- Task instructions:
Please return each line of the listing exactly as given.

- Source information:
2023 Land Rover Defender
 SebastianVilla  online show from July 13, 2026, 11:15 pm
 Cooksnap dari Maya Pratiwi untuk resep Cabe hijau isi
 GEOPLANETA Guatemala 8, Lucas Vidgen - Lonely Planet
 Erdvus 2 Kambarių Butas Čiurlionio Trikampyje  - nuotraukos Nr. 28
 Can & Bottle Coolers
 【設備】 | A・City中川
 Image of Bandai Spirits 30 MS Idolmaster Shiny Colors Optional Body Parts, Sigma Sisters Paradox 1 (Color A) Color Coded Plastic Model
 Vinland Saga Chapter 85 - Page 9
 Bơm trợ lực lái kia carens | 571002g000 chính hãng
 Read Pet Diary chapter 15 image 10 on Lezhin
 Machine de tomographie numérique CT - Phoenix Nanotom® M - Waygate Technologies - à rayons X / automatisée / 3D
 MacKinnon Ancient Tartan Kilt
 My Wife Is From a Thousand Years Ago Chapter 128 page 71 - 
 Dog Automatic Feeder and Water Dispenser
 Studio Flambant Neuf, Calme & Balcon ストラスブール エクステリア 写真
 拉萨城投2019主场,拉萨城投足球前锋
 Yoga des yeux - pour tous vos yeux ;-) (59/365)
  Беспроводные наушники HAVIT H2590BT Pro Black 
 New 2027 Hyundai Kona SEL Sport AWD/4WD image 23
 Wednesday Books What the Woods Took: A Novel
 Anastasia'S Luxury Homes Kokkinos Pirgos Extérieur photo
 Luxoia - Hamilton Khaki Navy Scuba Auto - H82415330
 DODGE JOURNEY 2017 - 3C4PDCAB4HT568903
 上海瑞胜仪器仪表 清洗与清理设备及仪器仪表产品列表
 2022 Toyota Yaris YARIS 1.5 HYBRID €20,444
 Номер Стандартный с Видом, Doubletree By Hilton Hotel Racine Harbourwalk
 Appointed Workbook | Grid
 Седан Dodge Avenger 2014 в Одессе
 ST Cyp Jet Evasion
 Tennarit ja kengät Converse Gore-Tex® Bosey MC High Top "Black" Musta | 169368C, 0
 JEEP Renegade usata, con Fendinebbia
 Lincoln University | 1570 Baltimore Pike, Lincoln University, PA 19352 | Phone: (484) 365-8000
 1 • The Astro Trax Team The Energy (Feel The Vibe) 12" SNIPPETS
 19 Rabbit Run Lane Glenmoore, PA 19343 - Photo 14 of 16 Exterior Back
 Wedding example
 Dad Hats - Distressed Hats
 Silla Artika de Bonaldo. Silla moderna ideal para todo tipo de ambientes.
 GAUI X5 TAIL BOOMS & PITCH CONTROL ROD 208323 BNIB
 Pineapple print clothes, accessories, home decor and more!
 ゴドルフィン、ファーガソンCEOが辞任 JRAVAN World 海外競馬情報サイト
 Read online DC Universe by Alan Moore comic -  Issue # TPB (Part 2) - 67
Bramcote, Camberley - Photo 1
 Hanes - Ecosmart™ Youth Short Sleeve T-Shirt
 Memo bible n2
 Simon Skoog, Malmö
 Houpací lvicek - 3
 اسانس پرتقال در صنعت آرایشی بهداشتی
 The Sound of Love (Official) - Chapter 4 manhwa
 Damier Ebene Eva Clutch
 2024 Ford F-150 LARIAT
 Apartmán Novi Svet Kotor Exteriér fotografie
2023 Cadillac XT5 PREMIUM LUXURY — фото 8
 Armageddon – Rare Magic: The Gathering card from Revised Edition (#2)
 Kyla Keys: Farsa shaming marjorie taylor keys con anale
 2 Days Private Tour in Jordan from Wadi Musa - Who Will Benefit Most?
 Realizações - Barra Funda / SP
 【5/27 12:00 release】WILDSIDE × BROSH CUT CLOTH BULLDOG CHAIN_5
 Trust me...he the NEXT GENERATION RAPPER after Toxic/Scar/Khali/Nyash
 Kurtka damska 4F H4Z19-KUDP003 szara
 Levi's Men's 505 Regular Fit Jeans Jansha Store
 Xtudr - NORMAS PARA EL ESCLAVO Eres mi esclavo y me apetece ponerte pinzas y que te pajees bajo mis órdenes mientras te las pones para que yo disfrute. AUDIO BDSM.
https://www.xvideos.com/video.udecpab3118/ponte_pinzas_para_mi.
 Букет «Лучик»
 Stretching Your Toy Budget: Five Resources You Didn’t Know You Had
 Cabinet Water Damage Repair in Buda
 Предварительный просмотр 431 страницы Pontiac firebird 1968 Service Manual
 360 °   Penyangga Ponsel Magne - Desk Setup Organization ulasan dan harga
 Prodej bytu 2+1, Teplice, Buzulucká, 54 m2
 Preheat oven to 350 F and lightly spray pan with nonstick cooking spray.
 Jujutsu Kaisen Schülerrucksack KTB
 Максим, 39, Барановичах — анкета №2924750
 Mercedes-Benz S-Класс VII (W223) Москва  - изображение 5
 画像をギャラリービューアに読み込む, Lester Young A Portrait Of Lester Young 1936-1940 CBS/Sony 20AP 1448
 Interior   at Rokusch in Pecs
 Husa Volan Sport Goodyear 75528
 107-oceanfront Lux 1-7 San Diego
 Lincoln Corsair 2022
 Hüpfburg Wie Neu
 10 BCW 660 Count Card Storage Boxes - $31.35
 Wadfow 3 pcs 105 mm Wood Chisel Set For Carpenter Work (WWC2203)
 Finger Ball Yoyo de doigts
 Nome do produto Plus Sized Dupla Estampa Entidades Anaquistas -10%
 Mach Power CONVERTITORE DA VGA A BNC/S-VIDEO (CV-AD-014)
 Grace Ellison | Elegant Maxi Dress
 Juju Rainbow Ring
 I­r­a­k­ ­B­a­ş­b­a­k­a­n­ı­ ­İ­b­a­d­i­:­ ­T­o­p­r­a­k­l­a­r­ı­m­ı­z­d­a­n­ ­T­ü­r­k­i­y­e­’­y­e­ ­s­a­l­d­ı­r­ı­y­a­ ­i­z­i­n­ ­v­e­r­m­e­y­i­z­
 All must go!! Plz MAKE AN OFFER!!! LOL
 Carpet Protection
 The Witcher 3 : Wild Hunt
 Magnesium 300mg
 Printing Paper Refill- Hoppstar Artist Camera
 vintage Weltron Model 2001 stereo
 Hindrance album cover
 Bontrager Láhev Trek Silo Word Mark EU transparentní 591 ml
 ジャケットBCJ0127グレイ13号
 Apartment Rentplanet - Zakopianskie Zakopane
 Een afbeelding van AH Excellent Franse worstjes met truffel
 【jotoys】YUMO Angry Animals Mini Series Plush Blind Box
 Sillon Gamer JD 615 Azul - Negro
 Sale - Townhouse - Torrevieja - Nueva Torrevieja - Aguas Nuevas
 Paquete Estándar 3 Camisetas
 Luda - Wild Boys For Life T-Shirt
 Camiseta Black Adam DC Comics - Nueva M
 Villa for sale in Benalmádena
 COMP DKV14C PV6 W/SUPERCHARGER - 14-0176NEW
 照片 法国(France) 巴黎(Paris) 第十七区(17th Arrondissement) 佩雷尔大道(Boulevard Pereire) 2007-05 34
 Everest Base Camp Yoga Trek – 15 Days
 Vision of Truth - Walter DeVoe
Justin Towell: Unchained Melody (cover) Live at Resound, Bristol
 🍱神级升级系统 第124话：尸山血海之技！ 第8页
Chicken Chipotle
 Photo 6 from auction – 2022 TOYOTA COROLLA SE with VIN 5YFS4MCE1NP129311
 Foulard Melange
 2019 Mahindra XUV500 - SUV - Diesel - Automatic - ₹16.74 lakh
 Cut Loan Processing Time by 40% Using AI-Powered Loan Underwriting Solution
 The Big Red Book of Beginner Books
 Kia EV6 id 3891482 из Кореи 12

- Answer to the problem:
2023 Land Rover Defender
 SebastianVilla  online show from July 13, 2026, 11:15 pm
 Cooksnap dari Maya Pratiwi untuk resep Cabe hijau isi
 GEOPLANETA Guatemala 8, Lucas Vidgen - Lonely Planet
 Erdvus 2 Kambarių Butas Čiurlionio Trikampyje  - nuotraukos Nr. 28
 Can & Bottle Coolers
 【設備】 | A・City中川
 Image of Bandai Spirits 30 MS Idolmaster Shiny Colors Optional Body Parts, Sigma Sisters Paradox 1 (Color A) Color Coded Plastic Model
 Vinland Saga Chapter 85 - Page 9
 Bơm trợ lực lái kia carens | 571002g000 chính hãng
 Read Pet Diary chapter 15 image 10 on Lezhin
 Machine de tomographie numérique CT - Phoenix Nanotom® M - Waygate Technologies - à rayons X / automatisée / 3D
 MacKinnon Ancient Tartan Kilt
 My Wife Is From a Thousand Years Ago Chapter 128 page 71 - 
 Dog Automatic Feeder and Water Dispenser
 Studio Flambant Neuf, Calme & Balcon ストラスブール エクステリア 写真
 拉萨城投2019主场,拉萨城投足球前锋
 Yoga des yeux - pour tous vos yeux ;-) (59/365)
  Беспроводные наушники HAVIT H2590BT Pro Black 
 New 2027 Hyundai Kona SEL Sport AWD/4WD image 23
 Wednesday Books What the Woods Took: A Novel
 Anastasia'S Luxury Homes Kokkinos Pirgos Extérieur photo
 Luxoia - Hamilton Khaki Navy Scuba Auto - H82415330
 DODGE JOURNEY 2017 - 3C4PDCAB4HT568903
 上海瑞胜仪器仪表 清洗与清理设备及仪器仪表产品列表
 2022 Toyota Yaris YARIS 1.5 HYBRID €20,444
 Номер Стандартный с Видом, Doubletree By Hilton Hotel Racine Harbourwalk
 Appointed Workbook | Grid
 Седан Dodge Avenger 2014 в Одессе
 ST Cyp Jet Evasion
 Tennarit ja kengät Converse Gore-Tex® Bosey MC High Top "Black" Musta | 169368C, 0
 JEEP Renegade usata, con Fendinebbia
 Lincoln University | 1570 Baltimore Pike, Lincoln University, PA 19352 | Phone: (484) 365-8000
 1 • The Astro Trax Team The Energy (Feel The Vibe) 12" SNIPPETS
 19 Rabbit Run Lane Glenmoore, PA 19343 - Photo 14 of 16 Exterior Back
 Wedding example
 Dad Hats - Distressed Hats
 Silla Artika de Bonaldo. Silla moderna ideal para todo tipo de ambientes.
 GAUI X5 TAIL BOOMS & PITCH CONTROL ROD 208323 BNIB
 Pineapple print clothes, accessories, home decor and more!
 ゴドルフィン、ファーガソンCEOが辞任 JRAVAN World 海外競馬情報サイト
 Read online DC Universe by Alan Moore comic -  Issue # TPB (Part 2) - 67
Bramcote, Camberley - Photo 1
 Hanes - Ecosmart™ Youth Short Sleeve T-Shirt
 Memo bible n2
 Simon Skoog, Malmö
 Houpací lvicek - 3
 اسانس پرتقال در صنعت آرایشی بهداشتی
 The Sound of Love (Official) - Chapter 4 manhwa
 Damier Ebene Eva Clutch
 2024 Ford F-150 LARIAT
 Apartmán Novi Svet Kotor Exteriér fotografie
2023 Cadillac XT5 PREMIUM LUXURY — фото 8
 Armageddon – Rare Magic: The Gathering card from Revised Edition (#2)
 Kyla Keys: Farsa shaming marjorie taylor keys con anale
 2 Days Private Tour in Jordan from Wadi Musa - Who Will Benefit Most?
 Realizações - Barra Funda / SP
 【5/27 12:00 release】WILDSIDE × BROSH CUT CLOTH BULLDOG CHAIN_5
 Trust me...he the NEXT GENERATION RAPPER after Toxic/Scar/Khali/Nyash
 Kurtka damska 4F H4Z19-KUDP003 szara
 Levi's Men's 505 Regular Fit Jeans Jansha Store
 Xtudr - NORMAS PARA EL ESCLAVO Eres mi esclavo y me apetece ponerte pinzas y que te pajees bajo mis órdenes mientras te las pones para que yo disfrute. AUDIO BDSM.
https://www.xvideos.com/video.udecpab3118/ponte_pinzas_para_mi.
 Букет «Лучик»
 Stretching Your Toy Budget: Five Resources You Didn’t Know You Had
 Cabinet Water Damage Repair in Buda
 Предварительный просмотр 431 страницы Pontiac firebird 1968 Service Manual
 360 °   Penyangga Ponsel Magne - Desk Setup Organization ulasan dan harga
 Prodej bytu 2+1, Teplice, Buzulucká, 54 m2
 Preheat oven to 350 F and lightly spray pan with nonstick cooking spray.
 Jujutsu Kaisen Schülerrucksack KTB
 Максим, 39, Барановичах — анкета №2924750
 Mercedes-Benz S-Класс VII (W223) Москва  - изображение 5
 画像をギャラリービューアに読み込む, Lester Young A Portrait Of Lester Young 1936-1940 CBS/Sony 20AP 1448
 Interior   at Rokusch in Pecs
 Husa Volan Sport Goodyear 75528
 107-oceanfront Lux 1-7 San Diego
 Lincoln Corsair 2022
 Hüpfburg Wie Neu
 10 BCW 660 Count Card Storage Boxes - $31.35
 Wadfow 3 pcs 105 mm Wood Chisel Set For Carpenter Work (WWC2203)
 Finger Ball Yoyo de doigts
 Nome do produto Plus Sized Dupla Estampa Entidades Anaquistas -10%
 Mach Power CONVERTITORE DA VGA A BNC/S-VIDEO (CV-AD-014)
 Grace Ellison | Elegant Maxi Dress
 Juju Rainbow Ring
 I­r­a­k­ ­B­a­ş­b­a­k­a­n­ı­ ­İ­b­a­d­i­:­ ­T­o­p­r­a­k­l­a­r­ı­m­ı­z­d­a­n­ ­T­ü­r­k­i­y­e­’­y­e­ ­s­a­l­d­ı­r­ı­y­a­ ­i­z­i­n­ ­v­e­r­m­e­y­i­z­
 All must go!! Plz MAKE AN OFFER!!! LOL
 Carpet Protection
 The Witcher 3 : Wild Hunt
 Magnesium 300mg
 Printing Paper Refill- Hoppstar Artist Camera
 vintage Weltron Model 2001 stereo
 Hindrance album cover
 Bontrager Láhev Trek Silo Word Mark EU transparentní 591 ml
 ジャケットBCJ0127グレイ13号
 Apartment Rentplanet - Zakopianskie Zakopane
 Een afbeelding van AH Excellent Franse worstjes met truffel
 【jotoys】YUMO Angry Animals Mini Series Plush Blind Box
 Sillon Gamer JD 615 Azul - Negro
 Sale - Townhouse - Torrevieja - Nueva Torrevieja - Aguas Nuevas
 Paquete Estándar 3 Camisetas
 Luda - Wild Boys For Life T-Shirt
 Camiseta Black Adam DC Comics - Nueva M
 Villa for sale in Benalmádena
 COMP DKV14C PV6 W/SUPERCHARGER - 14-0176NEW
 照片 法国(France) 巴黎(Paris) 第十七区(17th Arrondissement) 佩雷尔大道(Boulevard Pereire) 2007-05 34
 Everest Base Camp Yoga Trek – 15 Days
 Vision of Truth - Walter DeVoe
Justin Towell: Unchained Melody (cover) Live at Resound, Bristol
 🍱神级升级系统 第124话：尸山血海之技！ 第8页
Chicken Chipotle
 Photo 6 from auction – 2022 TOYOTA COROLLA SE with VIN 5YFS4MCE1NP129311
 Foulard Melange
 2019 Mahindra XUV500 - SUV - Diesel - Automatic - ₹16.74 lakh
 Cut Loan Processing Time by 40% Using AI-Powered Loan Underwriting Solution
 The Big Red Book of Beginner Books
 Kia EV6 id 3891482 из Кореи 12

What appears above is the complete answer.